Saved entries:
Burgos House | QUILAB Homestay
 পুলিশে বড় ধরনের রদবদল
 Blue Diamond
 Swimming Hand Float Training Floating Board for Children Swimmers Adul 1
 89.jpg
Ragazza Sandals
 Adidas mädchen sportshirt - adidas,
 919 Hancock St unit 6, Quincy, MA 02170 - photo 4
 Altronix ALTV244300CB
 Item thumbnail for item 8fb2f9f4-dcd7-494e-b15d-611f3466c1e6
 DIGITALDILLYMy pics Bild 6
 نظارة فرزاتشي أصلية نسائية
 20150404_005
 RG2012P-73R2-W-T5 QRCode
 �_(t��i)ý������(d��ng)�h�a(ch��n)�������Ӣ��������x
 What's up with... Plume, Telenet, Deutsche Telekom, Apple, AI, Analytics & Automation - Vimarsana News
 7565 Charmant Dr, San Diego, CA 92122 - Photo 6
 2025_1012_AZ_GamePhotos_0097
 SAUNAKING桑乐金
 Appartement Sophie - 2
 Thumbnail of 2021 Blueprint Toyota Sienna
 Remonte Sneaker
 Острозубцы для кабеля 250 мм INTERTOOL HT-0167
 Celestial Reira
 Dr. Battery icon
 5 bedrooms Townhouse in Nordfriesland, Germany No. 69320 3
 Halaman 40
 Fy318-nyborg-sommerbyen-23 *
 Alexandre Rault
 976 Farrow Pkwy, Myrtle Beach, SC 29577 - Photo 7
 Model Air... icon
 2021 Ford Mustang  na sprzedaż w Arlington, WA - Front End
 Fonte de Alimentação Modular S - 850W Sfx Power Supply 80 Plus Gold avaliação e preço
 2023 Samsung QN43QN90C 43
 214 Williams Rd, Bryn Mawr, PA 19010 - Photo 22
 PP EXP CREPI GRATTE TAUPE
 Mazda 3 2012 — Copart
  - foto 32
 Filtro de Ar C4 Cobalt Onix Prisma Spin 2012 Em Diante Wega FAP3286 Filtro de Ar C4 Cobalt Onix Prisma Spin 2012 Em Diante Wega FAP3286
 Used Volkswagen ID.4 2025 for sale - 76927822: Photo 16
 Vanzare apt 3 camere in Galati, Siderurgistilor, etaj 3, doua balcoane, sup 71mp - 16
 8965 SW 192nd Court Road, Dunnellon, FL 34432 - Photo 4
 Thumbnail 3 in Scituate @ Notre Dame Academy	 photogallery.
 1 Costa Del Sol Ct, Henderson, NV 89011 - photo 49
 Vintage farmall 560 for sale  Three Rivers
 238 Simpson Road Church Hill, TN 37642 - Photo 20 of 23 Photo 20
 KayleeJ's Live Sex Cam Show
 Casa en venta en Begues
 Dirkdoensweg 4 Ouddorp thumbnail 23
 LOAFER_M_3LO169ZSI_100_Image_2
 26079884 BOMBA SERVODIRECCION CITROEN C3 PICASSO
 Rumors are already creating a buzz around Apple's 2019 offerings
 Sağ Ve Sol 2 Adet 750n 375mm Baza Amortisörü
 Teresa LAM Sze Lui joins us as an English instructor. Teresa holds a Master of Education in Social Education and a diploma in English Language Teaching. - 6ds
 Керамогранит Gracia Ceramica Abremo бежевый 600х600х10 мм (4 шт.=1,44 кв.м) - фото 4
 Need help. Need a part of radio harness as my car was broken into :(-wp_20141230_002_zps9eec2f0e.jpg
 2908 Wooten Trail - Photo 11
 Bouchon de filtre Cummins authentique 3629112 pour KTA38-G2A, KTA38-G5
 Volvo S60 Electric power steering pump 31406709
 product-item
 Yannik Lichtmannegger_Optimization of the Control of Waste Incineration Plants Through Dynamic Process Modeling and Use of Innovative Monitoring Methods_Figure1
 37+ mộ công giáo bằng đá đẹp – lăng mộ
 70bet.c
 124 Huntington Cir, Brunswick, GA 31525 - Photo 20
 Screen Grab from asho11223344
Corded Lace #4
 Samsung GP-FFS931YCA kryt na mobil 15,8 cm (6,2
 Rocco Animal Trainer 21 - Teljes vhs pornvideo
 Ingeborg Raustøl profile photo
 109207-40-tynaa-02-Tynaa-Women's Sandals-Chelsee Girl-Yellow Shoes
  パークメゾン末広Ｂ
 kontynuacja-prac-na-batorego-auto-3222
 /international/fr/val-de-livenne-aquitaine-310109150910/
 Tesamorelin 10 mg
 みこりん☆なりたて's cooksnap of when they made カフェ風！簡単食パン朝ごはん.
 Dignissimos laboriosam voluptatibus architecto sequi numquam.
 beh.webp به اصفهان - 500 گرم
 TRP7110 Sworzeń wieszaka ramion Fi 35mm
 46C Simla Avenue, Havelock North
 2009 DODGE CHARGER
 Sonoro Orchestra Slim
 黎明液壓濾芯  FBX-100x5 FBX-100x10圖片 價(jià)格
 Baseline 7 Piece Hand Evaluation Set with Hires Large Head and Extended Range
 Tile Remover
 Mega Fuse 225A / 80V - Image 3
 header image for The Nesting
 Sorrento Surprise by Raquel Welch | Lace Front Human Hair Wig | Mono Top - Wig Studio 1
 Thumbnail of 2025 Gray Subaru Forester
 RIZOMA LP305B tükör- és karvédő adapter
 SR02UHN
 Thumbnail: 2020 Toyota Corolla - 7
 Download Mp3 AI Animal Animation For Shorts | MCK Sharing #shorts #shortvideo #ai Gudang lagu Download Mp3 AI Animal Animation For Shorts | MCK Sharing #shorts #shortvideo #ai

▶ EXERCISE REQUIREMENTS:
Go through the data and return each line where the word "Toyota" appears.

▶ OUTPUT BELOW:
 Thumbnail of 2021 Blueprint Toyota Sienna
 Thumbnail: 2020 Toyota Corolla - 7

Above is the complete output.